* _WHAT IS REQUIRED_
Quote the records that follow in full and exactly; leave out the pictures.
== Segment start ==
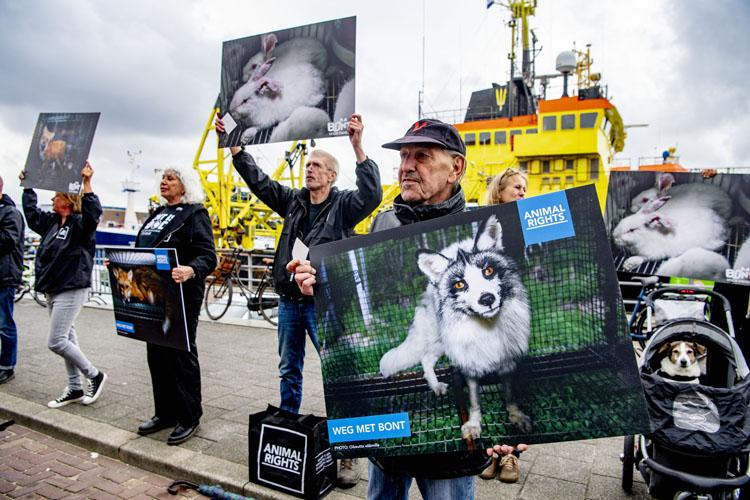 Animal Rights en Bont voor Dieren in actie tegen bontverkoper Skihut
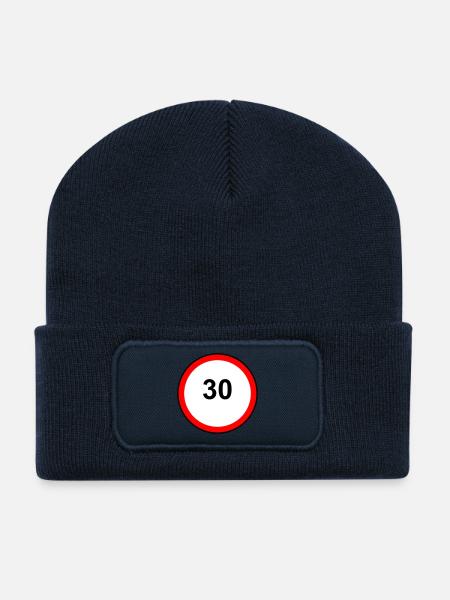 Tempo 30 Motif de signe - Beanie recyclé à patch - bleu marine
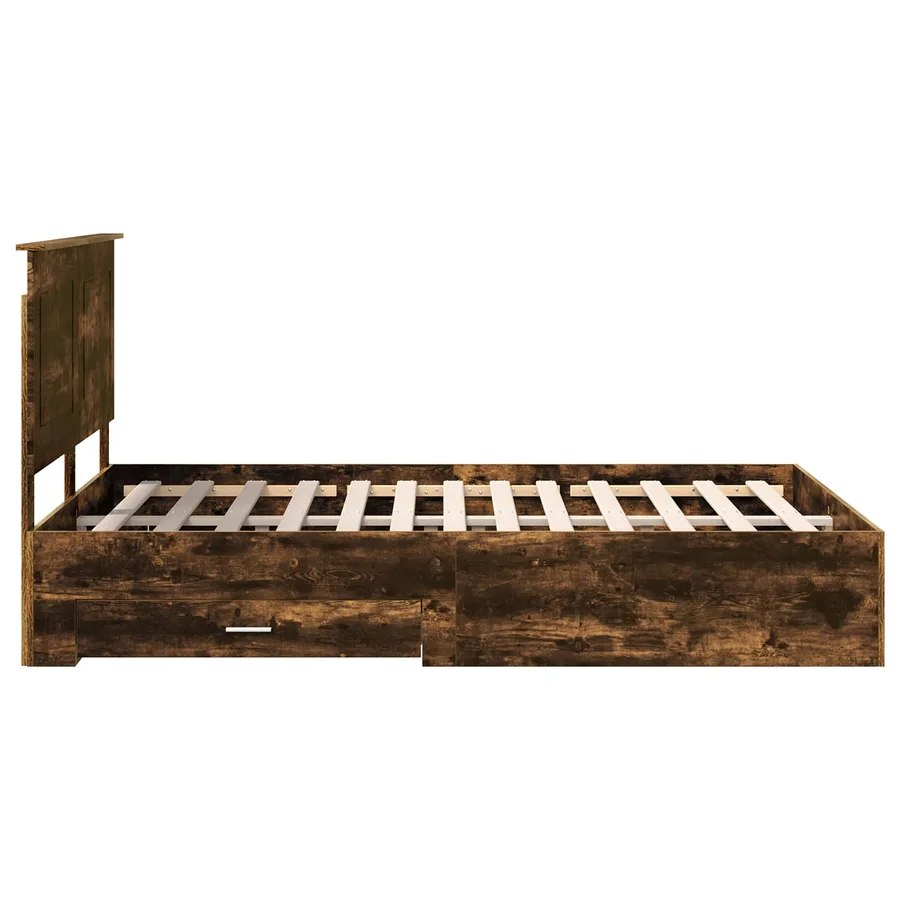 Cadre de lit Chêne fumé 140 x 200 cm Bois d'ingénierie - 9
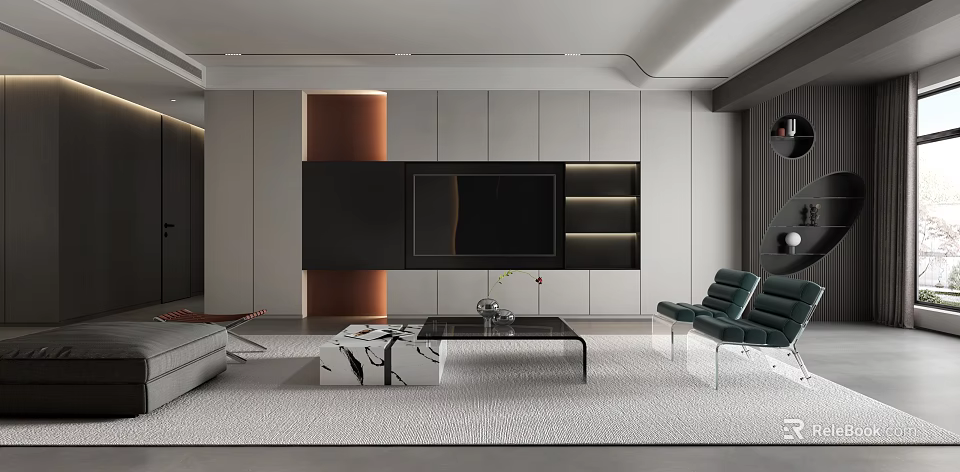 Modern Living Room Interior Design With Gray Sofa Marble Coffee Table And TV Wall 3d model 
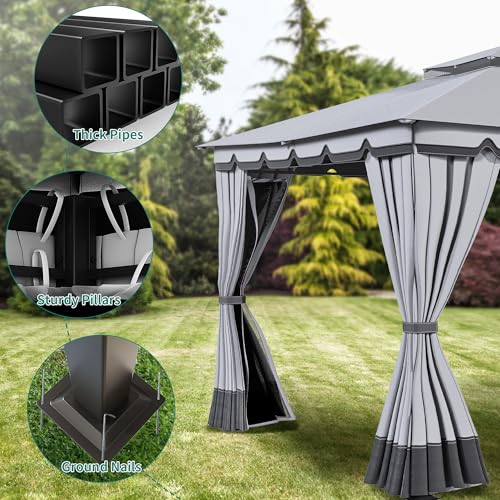 Yitahome MAYIH3NID0 10X12Ft Patio Gazebo Outdoor Double Roof Canopy Gazebo W/Netting & Curtains thumb #3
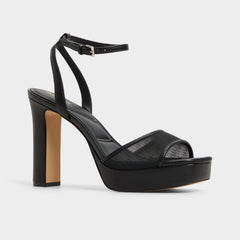 Chicglimmer Black Women's Platform sandals - Strappy heeled sandal Block heel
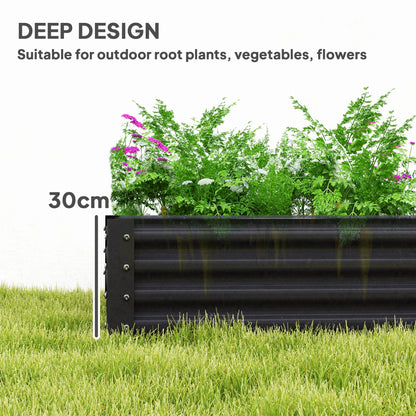 Galvanised Raised Garden Bed, Raised Planter, Dark Grey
== Segment end ==
* _SOLUTION TO THIS EXERCISE_
 Animal Rights en Bont voor Dieren in actie tegen bontverkoper Skihut
 Tempo 30 Motif de signe - Beanie recyclé à patch - bleu marine
 Cadre de lit Chêne fumé 140 x 200 cm Bois d'ingénierie - 9
 Modern Living Room Interior Design With Gray Sofa Marble Coffee Table And TV Wall 3d model 
 Yitahome MAYIH3NID0 10X12Ft Patio Gazebo Outdoor Double Roof Canopy Gazebo W/Netting & Curtains thumb #3
 Chicglimmer Black Women's Platform sandals - Strappy heeled sandal Block heel
 Galvanised Raised Garden Bed, Raised Planter, Dark Grey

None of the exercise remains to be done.